Work instructions:
Copy the following data exactly and drop the pictures.

Collected data:
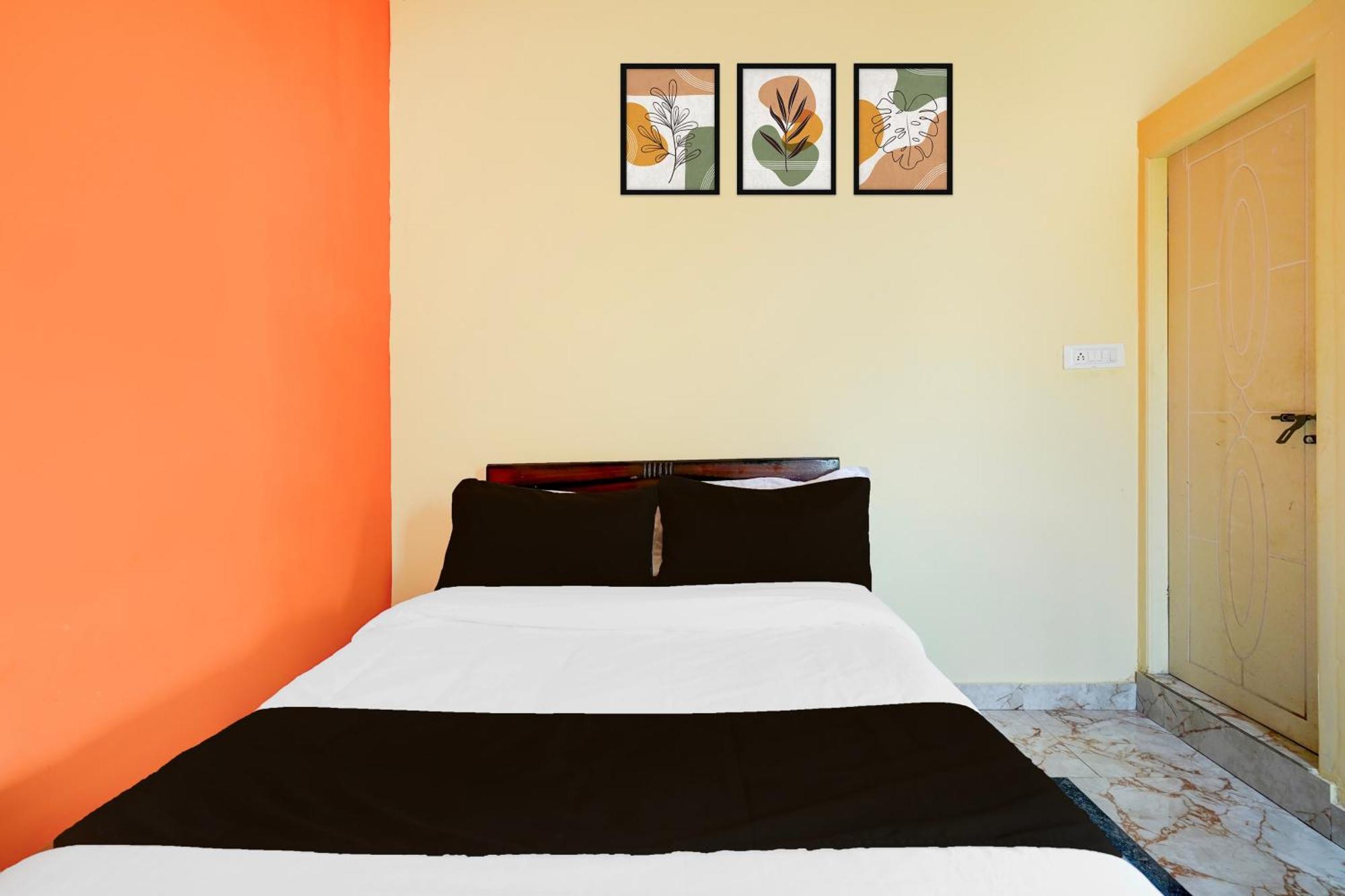 Hotel O Ramachandrapuram Formerly Known Nataraja Boarding & *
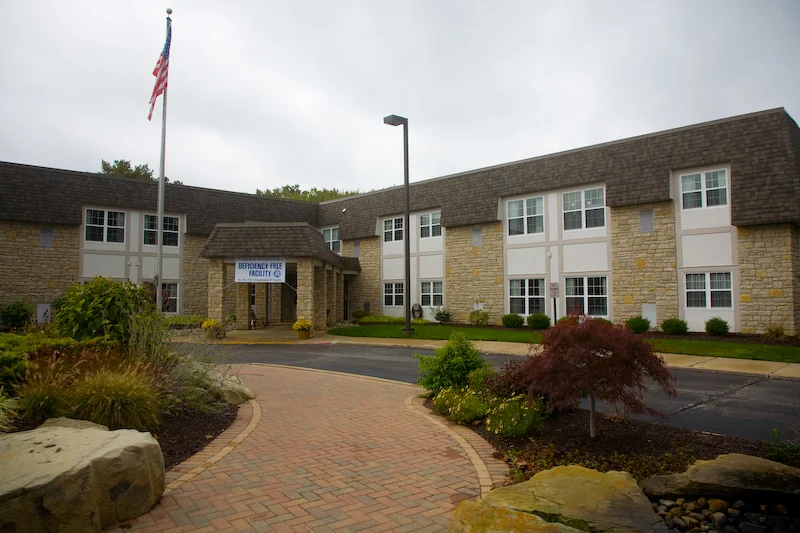 HUNTINGTON WOODS CARE & REHAB CENTER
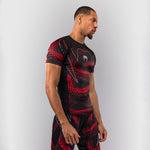 Rashguard Venum Matupa krótki rękaw czarno-czerwony 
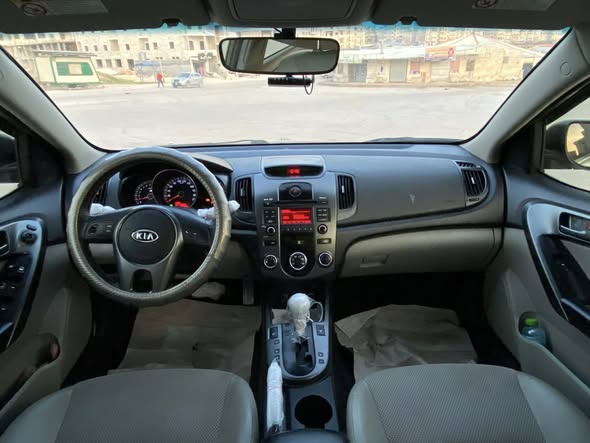 كيا سيراتو 2010 - صورة 5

Answer below:
 Hotel O Ramachandrapuram Formerly Known Nataraja Boarding & *
 HUNTINGTON WOODS CARE & REHAB CENTER
 Rashguard Venum Matupa krótki rękaw czarno-czerwony 
 كيا سيراتو 2010 - صورة 5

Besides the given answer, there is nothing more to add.